Contudo, o Senhor não dá tal garantia sem lembrar àqueles homens da aliança a que estavam atrelados e da responsabilidade que tinham diante dela (v.15b): “Isso acontecerá quando vós déreis ouvidos à voz do Senhor, vosso Deus”. A preposição aqui traduzida como “quando” também pode significar “se”. Desse modo, a promessa de restauração seria condicionada à obediência e poderia nem ocorrer. Esse não é o sentido do texto como um todo, nem uma ideia compatível com o caráter fiel de Deus. Na verdade, as palavras do Senhor, ilustradas pela cerimônia de coroação de Josué, eram a garantia segura de que ele enviaria o rei eterno para guiar Israel. Porém, isso não aconteceria sem que trabalhasse no coração do seu povo (Jr 31.31-34). Por isso, uma atitude de duplo impulso deveria ser cultivada entre aqueles homens. A atitude deveria ser de obediência a Deus e os impulsos que a sustentariam seriam de assumirem a responsabilidade de serem bons servos, por um lado, e de dependerem do Senhor para a realização da sua tarefa, por outro. O fato é que Deus não faria nada pela metade e não aceitaria meio compromisso dos seus seguidores.

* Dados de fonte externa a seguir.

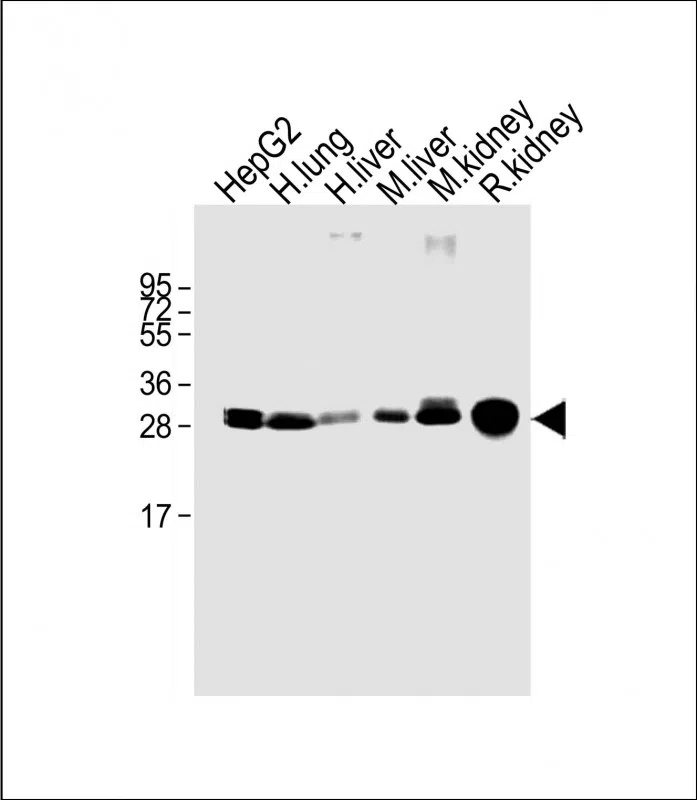SULT1A1 Mouse Monoclonal Antibody - Size: 50µl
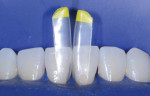 Due to the shape of the patient’s teeth, the small yellow matrices were selected instead of the less curvaceous pink matrices indicated by the gauge. The gauge is an excellent starting point for matrix selection, but clinical try-in of the matrices is the ultimate indicator.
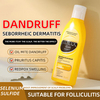 Selenium Sulfide Dandruff Removing Shampoo ( Refreshing and Anti-dandruff )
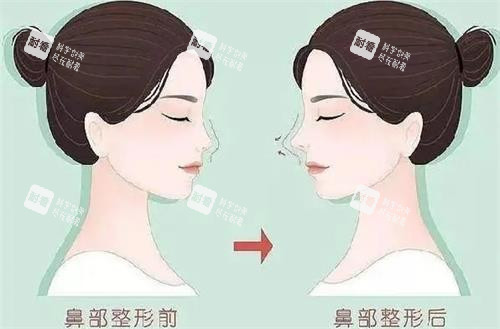 液態(tài)隆鼻前后的區(qū)別 液態(tài)隆鼻前后的區(qū)別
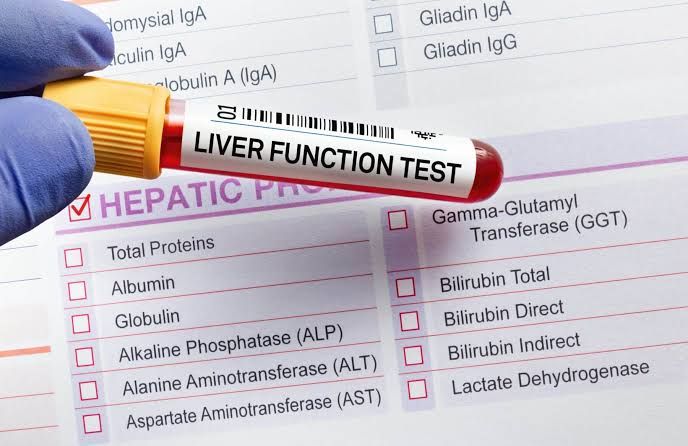TYPES OF ORGAN FUNCTION TESTS YOU SHOULD KNOW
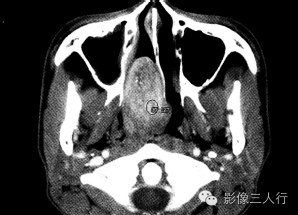 【病例】鼻咽纤维血管瘤1例CT及MR影像表现分析 【病例】鼻咽纤维血管瘤1例CT及MR影像表现分析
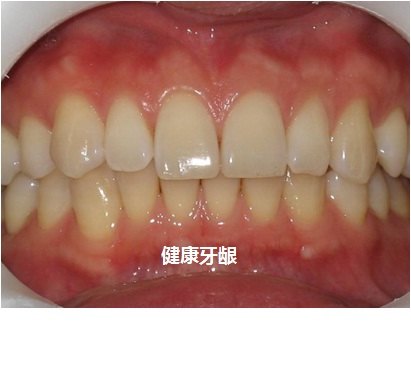 慢性牙周炎如何治疗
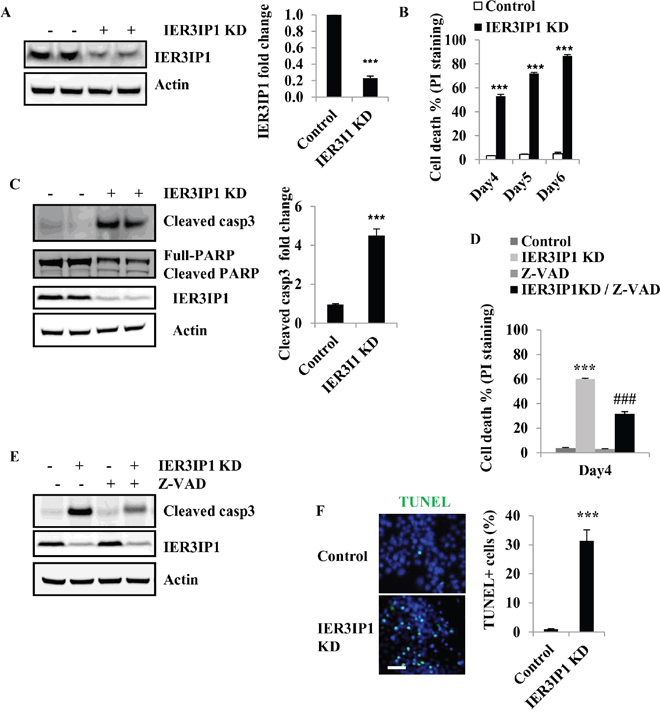 Reduced IER3IP1 expression leads to apoptosis in MIN6 cells.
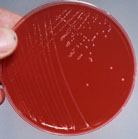 gammahemol-72.jpg (5812 bytes)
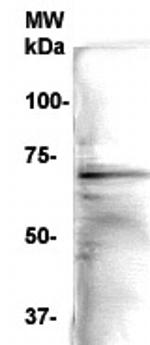 NFkBp65 Antibody in Western Blot (WB)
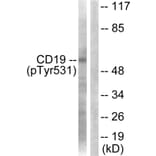 Western Blot - Anti-CD19 (phospho Tyr531) Antibody (A0412) - Antibodies.com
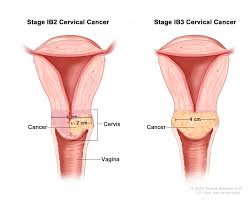 Such adenocarcinoma cells cause 20% of cervical cancers. Cervical Cancer Treatment Pdq Patient Version National Cancer Institute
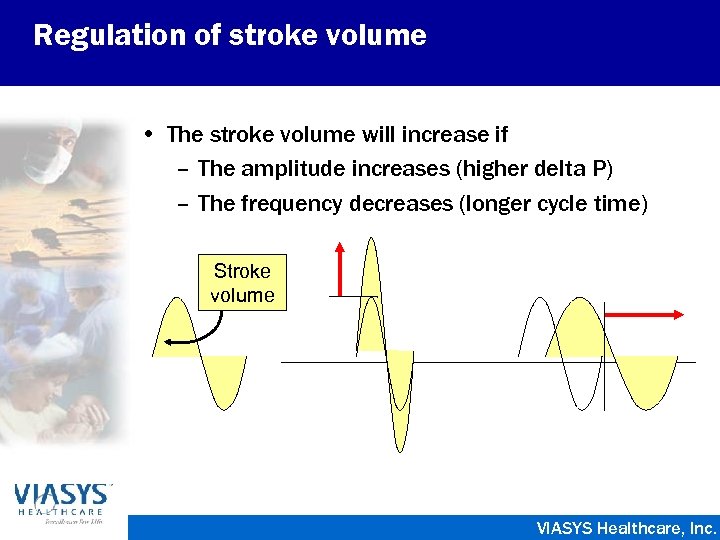 Regulation of stroke volume • The stroke volume will increase if – The amplitude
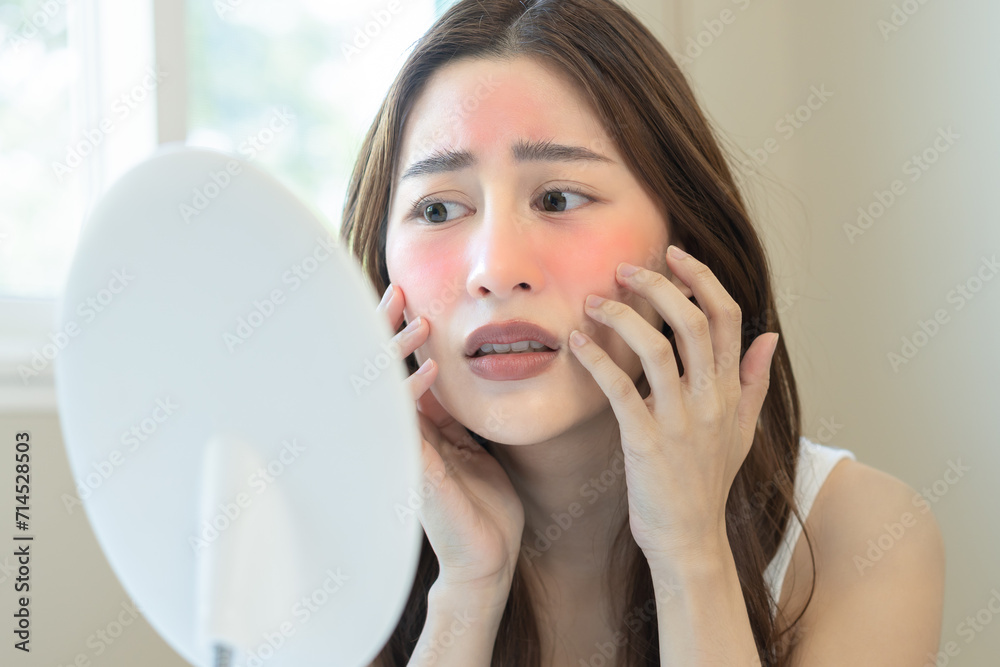 Dermatology, puberty asian young woman, girl looking at camera, allergy presenting an allergic reaction from cosmetic, red spot or rash on face. Beauty care from skin problem by medical treatment. Dermatology, puberty asian young woman, girl looking at camera, allergy presenting an allergic reaction from cosmetic, red spot or rash on face. Beauty care from skin problem by medical treatment.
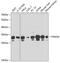 Proteasome Subunit Alpha 4 antibody, GTX65846, GeneTex, Western Blot image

Não é possível conter uma esperança desse tamanho apenas em uma época e somente dentro de um grupo. A vinda do Renovo terá abrangência mundial sobre pessoas de todas as nações. Sua promessa de retorno para reinar enche também de esperança e consolo todos os que agora o buscam e creem nele. E assim como para os reconstrutores do templo, a esperança futura nos leva ao consolo e ao compromisso presentes por meio da fé no sacerdote real que nos ama e nos sustenta nas dificuldades até ao dia em que nos receberá eternamente para si: “Portanto, visto que temos um grande sumo sacerdote que adentrou os céus, Jesus, o Filho de Deus, apeguemo-nos com toda a firmeza à fé que professamos, pois não temos um sumo sacerdote que não possa compadecer-se das nossas fraquezas, mas sim alguém que, como nós, passou por todo tipo de tentação, porém, sem pecado. Assim sendo, aproximemo-nos do trono da graça com toda a confiança, a fim de recebermos misericórdia e encontrarmos graça que nos ajude no momento da necessidade” (Hb 4.14-16).